Si l’on s’en tient à l’estimation selon laquelle la maintenance représente 67% d’un produit (cache), il devient important de trouver comment réduire ce coût.
Autre extrait :
Frameworks, API et prolétarisation
La présentation 6 reasons why APIs are reshaping your business fait l’analogie du développement Web avec l’industrie automobile et le passage de l’artisanat à l’intégration de pièces toutes faites.
Si le passage aux frameworks JavaScript et CSS a entraîné la perte de savoir des développeurs front-end et leur prolétarisation, le passage aux API va avoir le même effet sur les développeurs back-end, ceux-ci devenant de simples intégrateurs de solutions existantes s’éloignant de la problématique métier et de ses données pour se perdre dans les couches du pragmatisme. N’oubliez pas qu’en facilitant le travail de la machine, on finit par être remplacé par la machine, c’est ce que nous réserve l’industrialisation du Web. Et ça me rend nostalgique.
Autre extrait :
A system where you can delete parts without rewriting others is often called loosely coupled, but it’s a lot easier to explain what one looks like rather than how to build it in the first place.
Even hardcoding a variable once can be loose coupling, or using a command line flag over a variable. Loose coupling is about being able to change your mind without changing too much code.
Write code that is easy to delete, not easy to extend (cache)
Partant de ce constat, j’ai essayé de produire une stack minimaliste qui comportent très peu de dépendances qui peuvent évoluer en fonction du besoin. De cette manière, on accède à un LEAN technique : l’ajout de complexité architecturale en fonction du besoin uniquement.

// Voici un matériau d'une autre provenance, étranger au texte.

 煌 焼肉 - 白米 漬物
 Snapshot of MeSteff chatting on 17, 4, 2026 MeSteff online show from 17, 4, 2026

Le code produit accorde une place importante à l’esthétique et à la modularité sans endommager la compréhension de l’ensemble grâce à la documentation et aux tests.
Autre extrait :
Thus teams are often confronting the uncomfortable choice between a risky refactoring operation and clean amputation. The best developers can be positively gleeful about amputating a diseased piece of code (even when it’s their own baby, so to speak), recognizing that it’s often the best choice for the overall health of the project. Better a single module should die than continue to bog down the rest of the project.
…
The organic, evolutionary nature of code also highlights the importance of getting your APIs right. By virtue of their public visibility, APIs can exert a lot of influence on the future growth of the codebase. A good API acts like a trellis, coaxing the code to grow where you want it. A bad API is like a cancer, and it will metastasize all over your codebase.
L’intérêt de partir d’un périmètre aussi restreint est de pouvoir se ré-interroger à chaque nouvel ajout sur sa pertinence, cela constitue une base itérative sans renoncer au plaisir technique. Le code est lisible et explicable en quelques heures pour des personnes ayant un faible niveau et il n’y a pas besoin de télécharger la moitié d’internet pour faire tourner une page web. Ma démarche est de renoncer à la complexité par défaut qui est prônée par tous les frameworks actuels, l’ajout de dépendances doit se faire au moment du besoin.
La durée de vie d’une composition de technologies est forcément réduite et demande de se ré-interroger à échéances régulières sur sa pertinence. Toute la difficulté actuelle est de pouvoir allonger ces échéances pour trouver le bon ratio entre focus et exploration. Plus vous bâtirez sur des concepts simples, universels et standardisés, plus vous aurez de chances de pouvoir être conservateur dans votre choix technique. Et plus vous serez inclusif auprès des potentiels contributeurs.